This is also very important-choose the race carefully! My first marathon, more than 20 yrs ago, was the Long Island Marathon-mostly flat with easy hills and good weather, and I finished handily after training for a short time, but it was an easy race. Two or three months later, I ran the Yonkers Marathon-ridiculous hills, hot and humid, and it almost made me quit. If it had been my first, I'd have never done another......this lesson has stayed with me: my first 100 mile race was the Javelina Jundred in Phoenix, Arizona-relatively flat, predictable weather, not too tough. While I've done the course at Leadville,CO., I haven't actually run the race yet, and can expect not to finish-it's got ridiculous terrain, huge  altitude changes, unpredictable weather-_men go mad!_-and it's a wonder no one has died running it yet-but someday I'll finish, and I'm no runnner......at least, not much of one.....

You and he should also look at Carmichael Training Systems-they specialize in taking the non-runner to  marathon, ultra-martahon, triathlon and adventure race capable.

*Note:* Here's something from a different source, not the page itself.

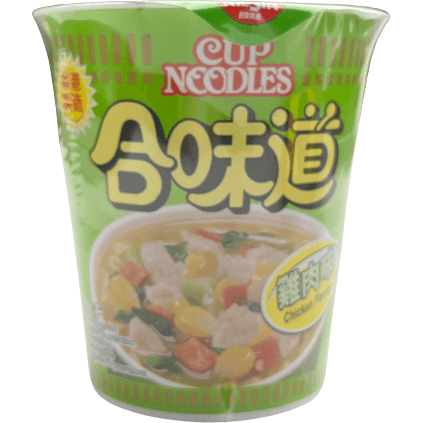 Nissin Cup Noodles Chicken Flavour 73g / 日清 カップヌードル 合味道 チキン味 73g - RiceWineShop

Good luck, and make sure your friend has *fun!!* That is the most important thing.......


----------



## bobster_ice (Apr 25, 2006)

How long does your friend have to train until the marathon?


----------



## Fletcher (Apr 26, 2006)

He's 21 and a smaller guy, short and not a whole lot of muscle. The annual marathon that's here in St. Louis is sometime in April(I think) so it will be in a year, but if he isn't ready I'm pretty sure there are half-marathons and some other endurance races that he can sign up for to see where he's at. I worked put with him for the first time yesterday and we did a 5 minute walk to warmup then alternated jogging for 60 seconds and walking for 90 for a total of 20 minutes then cooled down and streched. He made it through that without a whole lot of trouble and we are supposed to do it again tommorow. Thanks for the input everyone, I'll check out those websites that were recommended.


----------



## bobster_ice (Apr 27, 2006)

Well, if he is doing it this month there is chance if him getting fit for it.


----------